Supplied data: Begin

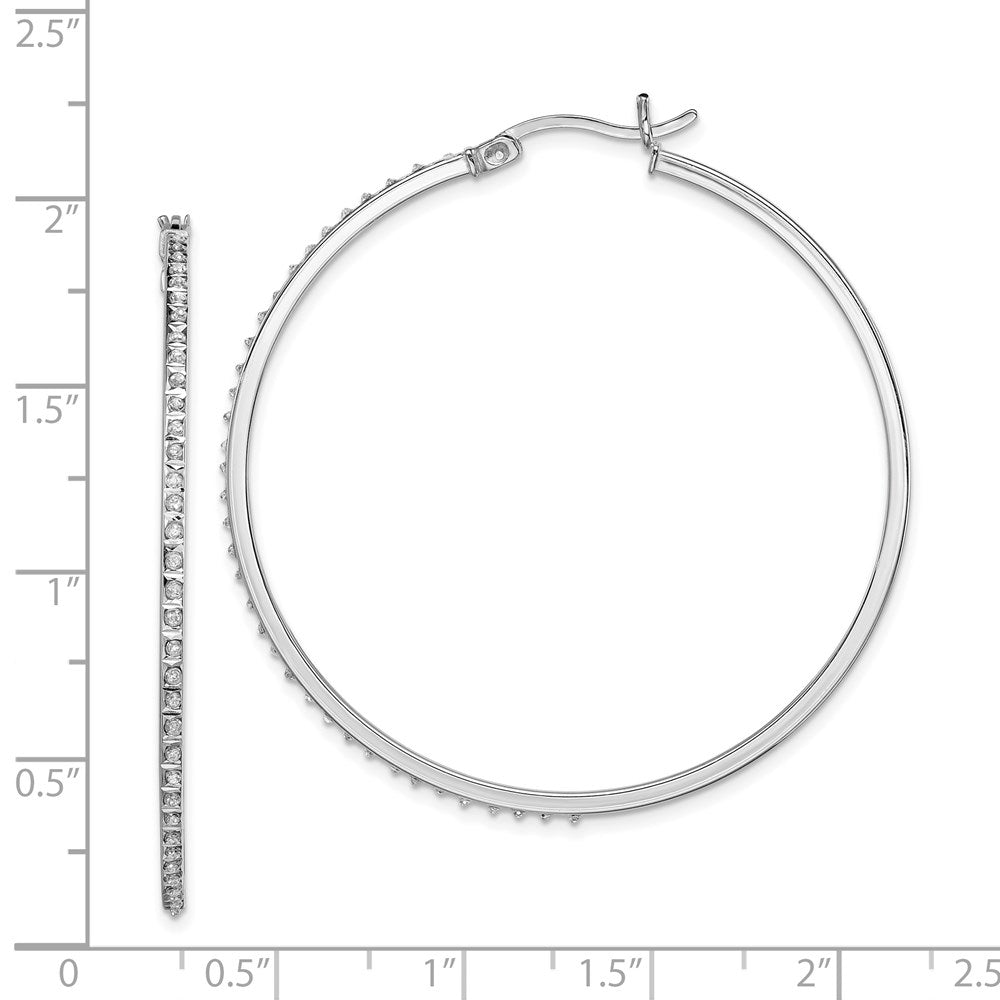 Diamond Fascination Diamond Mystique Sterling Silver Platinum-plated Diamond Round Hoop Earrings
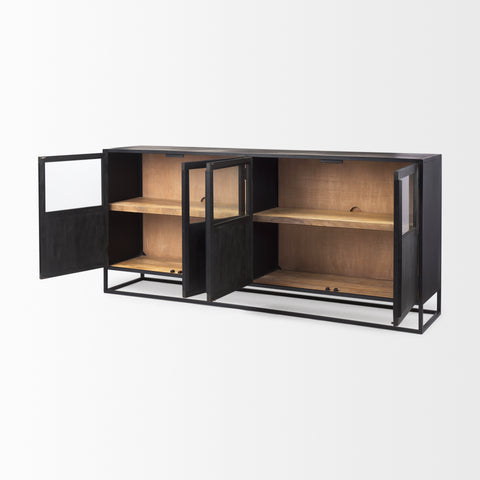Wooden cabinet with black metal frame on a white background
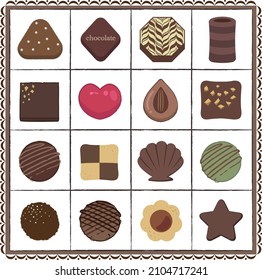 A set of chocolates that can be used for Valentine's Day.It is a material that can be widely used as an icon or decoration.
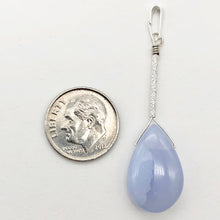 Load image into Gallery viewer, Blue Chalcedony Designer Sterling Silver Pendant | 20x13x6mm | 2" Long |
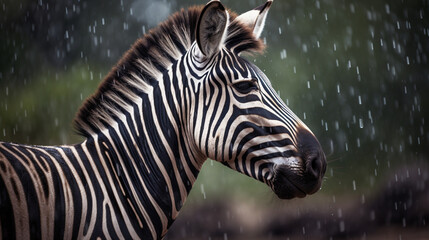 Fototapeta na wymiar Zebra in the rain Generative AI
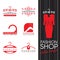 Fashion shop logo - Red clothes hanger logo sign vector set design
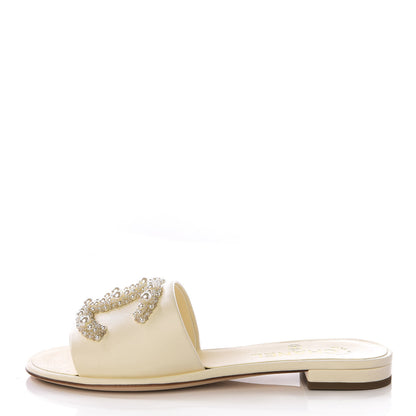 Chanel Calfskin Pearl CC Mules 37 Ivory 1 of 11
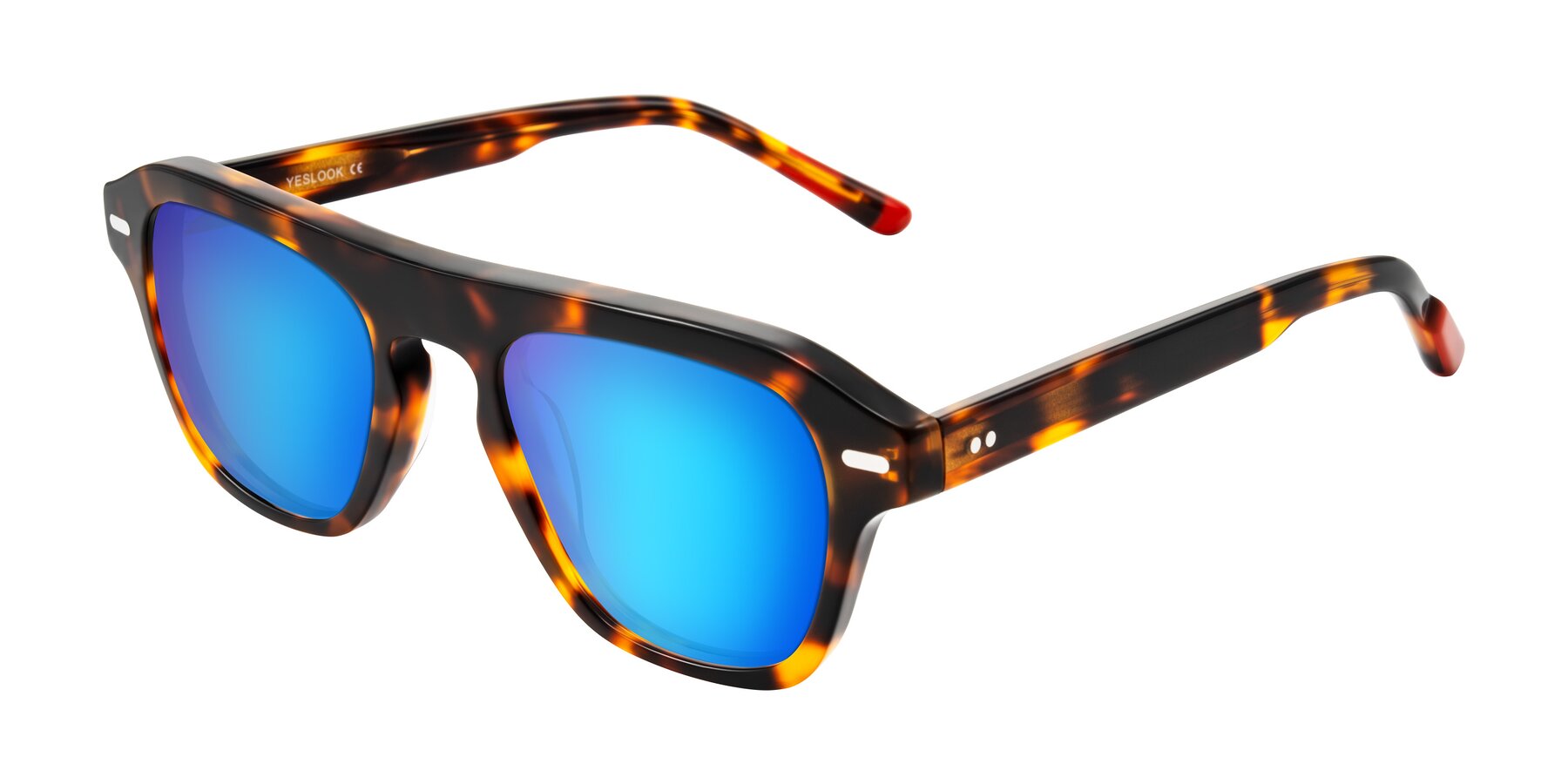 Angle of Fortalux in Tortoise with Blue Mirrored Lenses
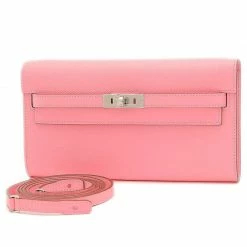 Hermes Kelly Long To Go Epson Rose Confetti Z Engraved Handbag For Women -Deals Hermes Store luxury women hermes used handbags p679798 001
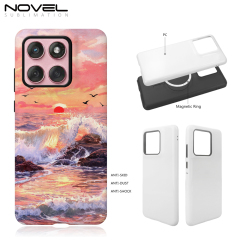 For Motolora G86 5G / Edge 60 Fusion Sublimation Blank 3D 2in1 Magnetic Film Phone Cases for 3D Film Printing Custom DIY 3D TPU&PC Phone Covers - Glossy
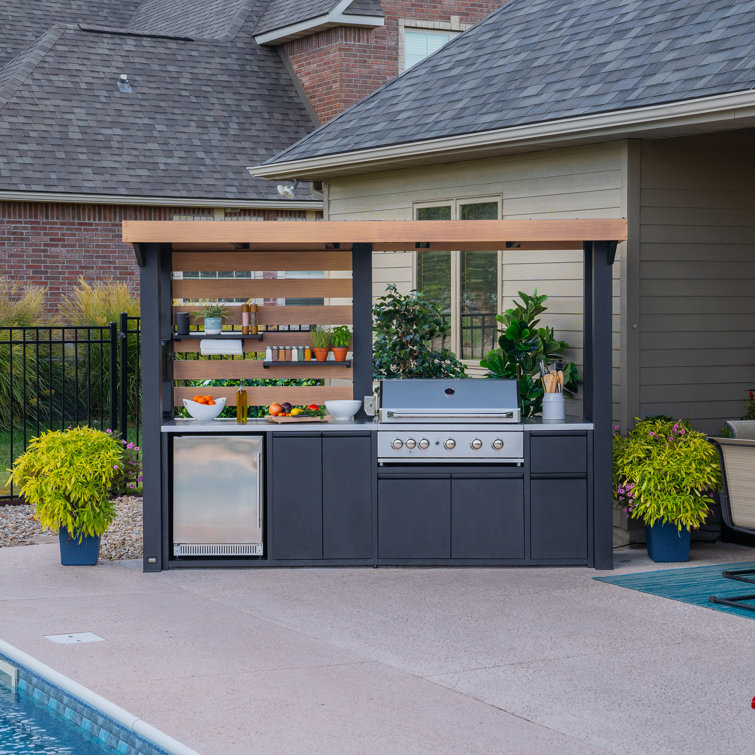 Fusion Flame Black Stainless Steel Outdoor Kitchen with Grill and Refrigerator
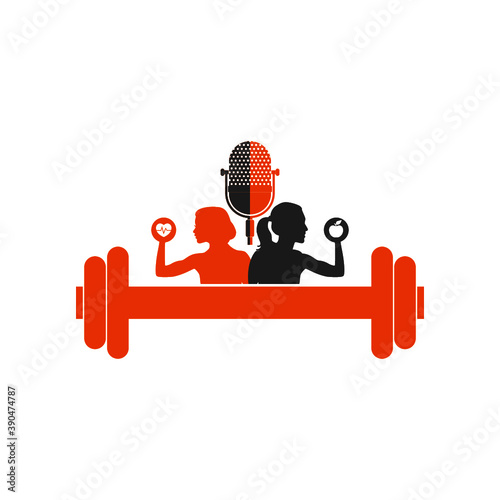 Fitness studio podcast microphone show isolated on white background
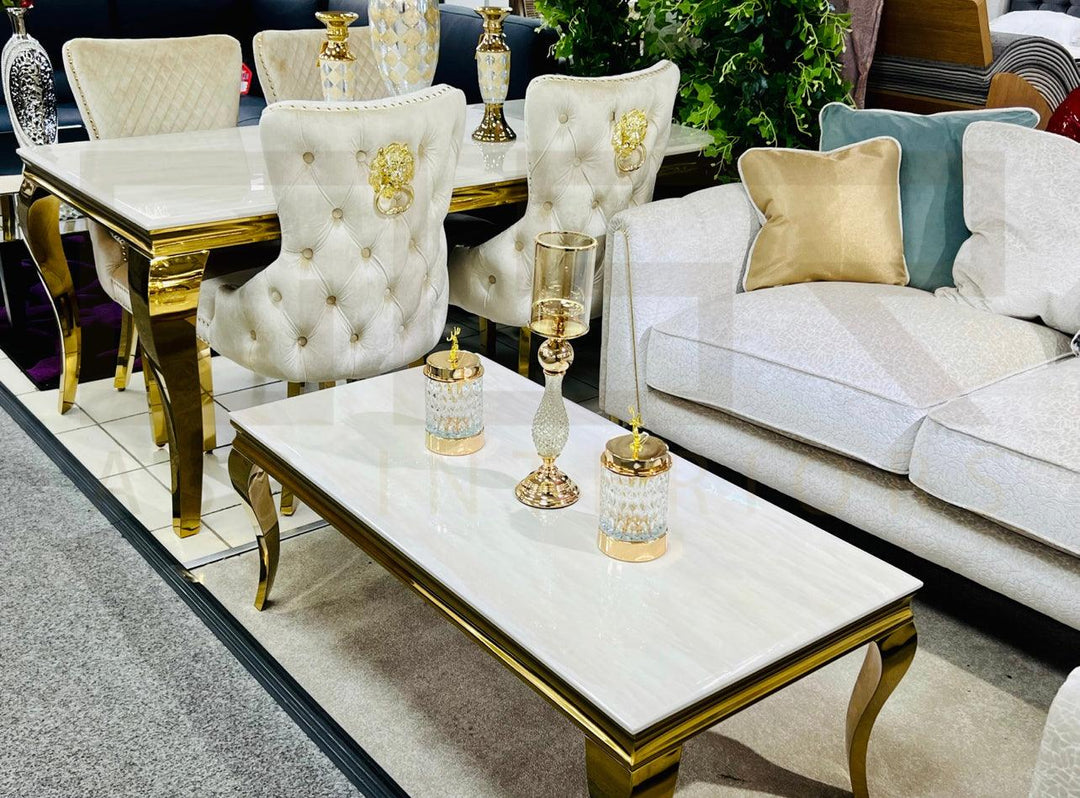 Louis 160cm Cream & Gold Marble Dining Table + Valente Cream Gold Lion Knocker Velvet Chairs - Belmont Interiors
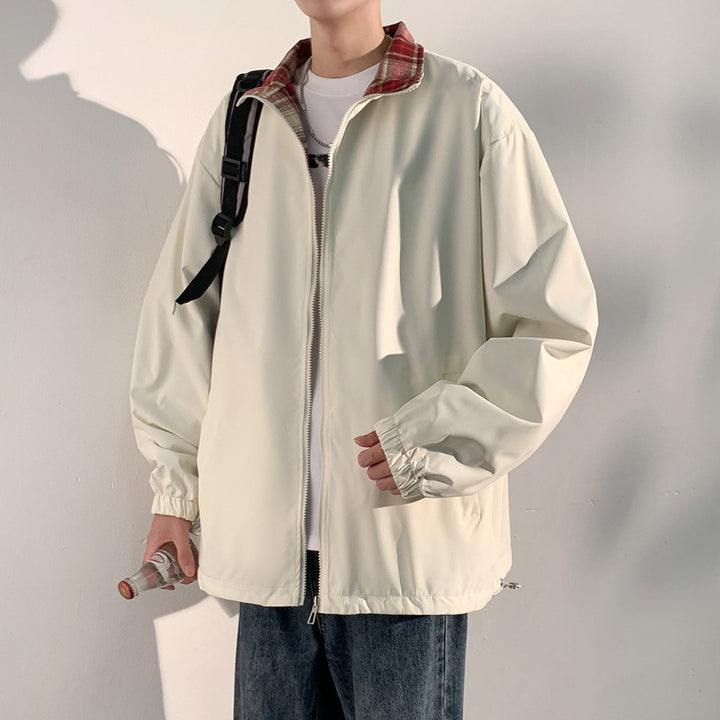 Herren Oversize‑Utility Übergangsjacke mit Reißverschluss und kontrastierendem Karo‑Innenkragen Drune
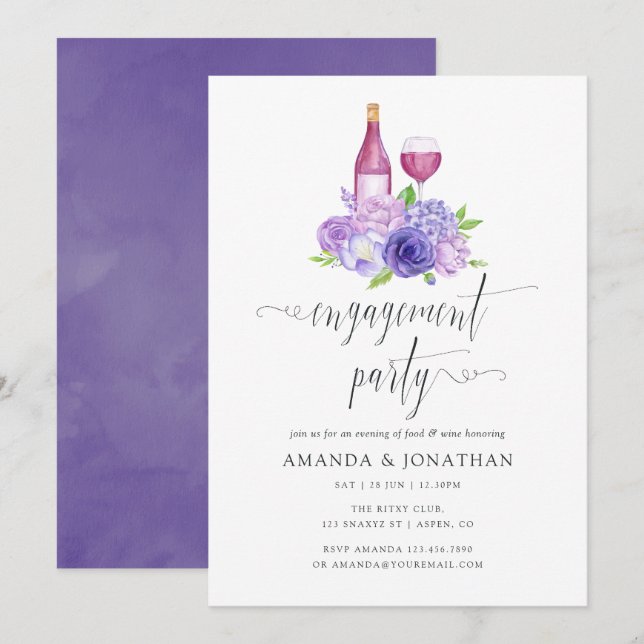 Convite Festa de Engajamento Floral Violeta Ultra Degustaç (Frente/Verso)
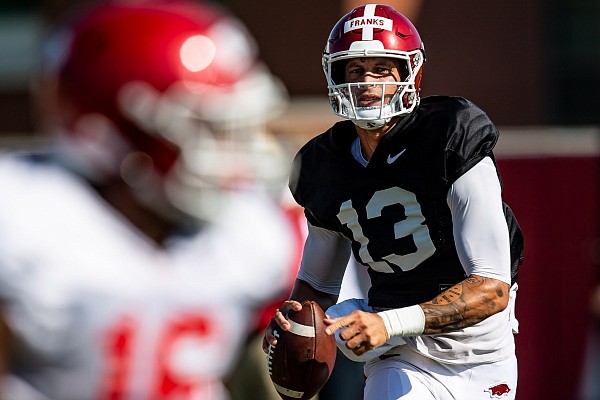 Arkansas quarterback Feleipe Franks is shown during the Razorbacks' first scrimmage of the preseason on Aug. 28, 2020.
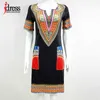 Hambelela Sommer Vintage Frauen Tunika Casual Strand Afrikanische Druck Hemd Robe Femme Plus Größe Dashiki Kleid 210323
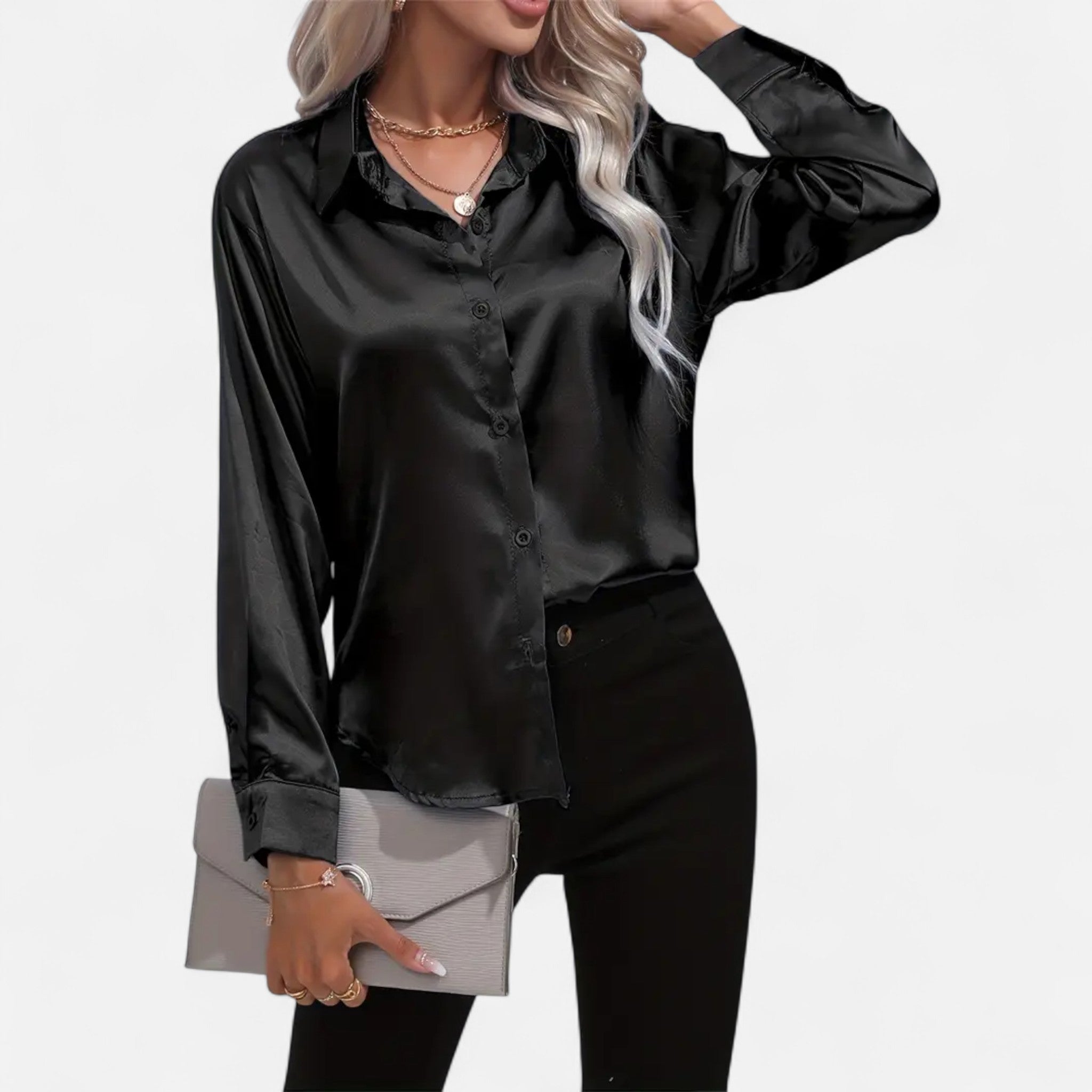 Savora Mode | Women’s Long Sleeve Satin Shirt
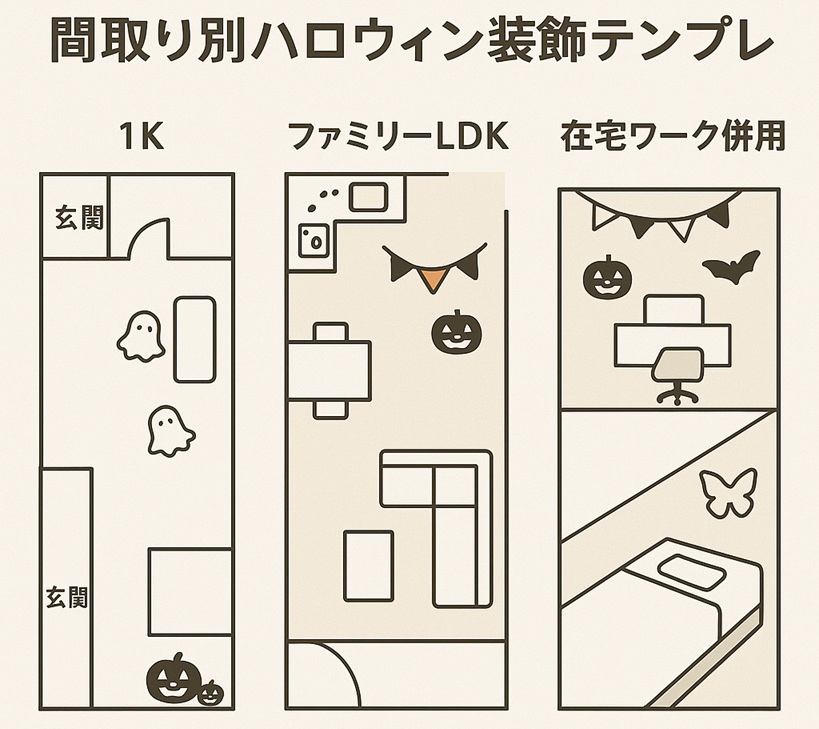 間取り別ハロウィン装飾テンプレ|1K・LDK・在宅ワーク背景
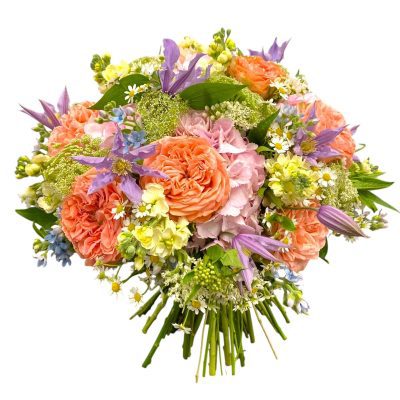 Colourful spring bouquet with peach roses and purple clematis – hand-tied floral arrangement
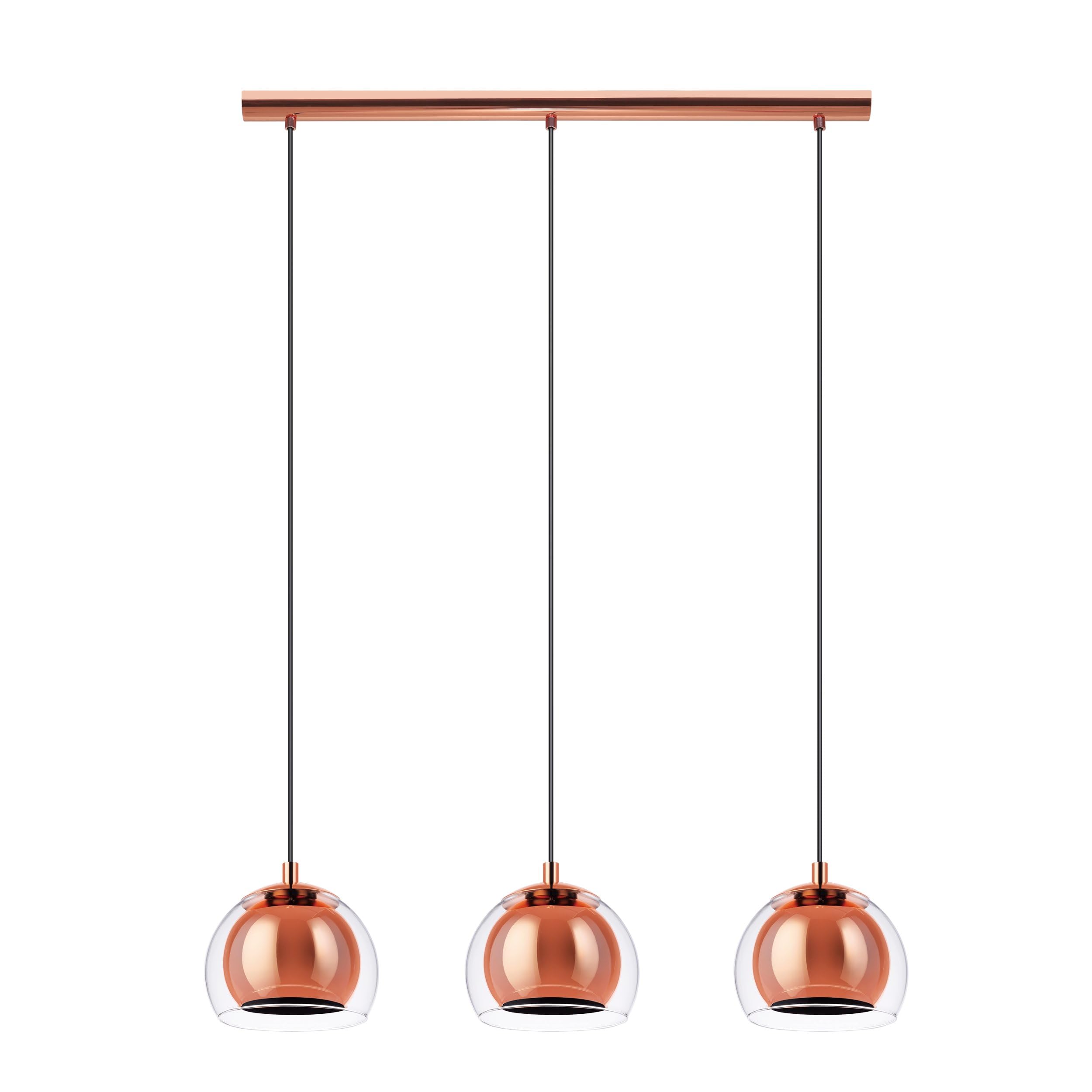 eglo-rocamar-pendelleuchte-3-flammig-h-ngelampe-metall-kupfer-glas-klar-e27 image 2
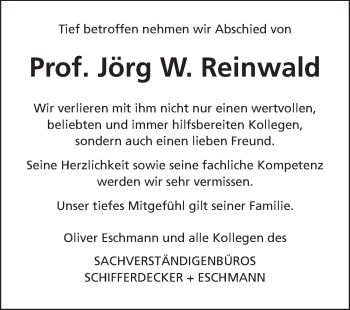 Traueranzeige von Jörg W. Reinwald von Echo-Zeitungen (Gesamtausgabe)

Supplied data: End

Instructions for the task ▸ If a record above contains a picture, leave the picture out and transcribe everything else exactly.

Result below ▸
 Diamond Fascination Diamond Mystique Sterling Silver Platinum-plated Diamond Round Hoop Earrings
Wooden cabinet with black metal frame on a white background
 A set of chocolates that can be used for Valentine's Day.It is a material that can be widely used as an icon or decoration.
 Load image into Gallery viewer, Blue Chalcedony Designer Sterling Silver Pendant | 20x13x6mm | 2" Long |
 Fototapeta na wymiar Zebra in the rain Generative AI
 Fashion shop logo - Red clothes hanger logo sign vector set design
 Chanel Calfskin Pearl CC Mules 37 Ivory 1 of 11
 Angle of Fortalux in Tortoise with Blue Mirrored Lenses
 Hermes Kelly Long To Go Epson Rose Confetti Z Engraved Handbag For Women -Deals Hermes Store luxury women hermes used handbags p679798 001
 For Motolora G86 5G / Edge 60 Fusion Sublimation Blank 3D 2in1 Magnetic Film Phone Cases for 3D Film Printing Custom DIY 3D TPU&PC Phone Covers - Glossy
 Fusion Flame Black Stainless Steel Outdoor Kitchen with Grill and Refrigerator
 Fitness studio podcast microphone show isolated on white background
 Louis 160cm Cream & Gold Marble Dining Table + Valente Cream Gold Lion Knocker Velvet Chairs - Belmont Interiors
 Herren Oversize‑Utility Übergangsjacke mit Reißverschluss und kontrastierendem Karo‑Innenkragen Drune
 Convite Festa de Engajamento Floral Violeta Ultra Degustaç (Frente/Verso)
 Arkansas quarterback Feleipe Franks is shown during the Razorbacks' first scrimmage of the preseason on Aug. 28, 2020.
 Hambelela Sommer Vintage Frauen Tunika Casual Strand Afrikanische Druck Hemd Robe Femme Plus Größe Dashiki Kleid 210323
 Savora Mode | Women’s Long Sleeve Satin Shirt
 間取り別ハロウィン装飾テンプレ|1K・LDK・在宅ワーク背景
 Colourful spring bouquet with peach roses and purple clematis – hand-tied floral arrangement
 eglo-rocamar-pendelleuchte-3-flammig-h-ngelampe-metall-kupfer-glas-klar-e27 image 2
 Traueranzeige von Jörg W. Reinwald von Echo-Zeitungen (Gesamtausgabe)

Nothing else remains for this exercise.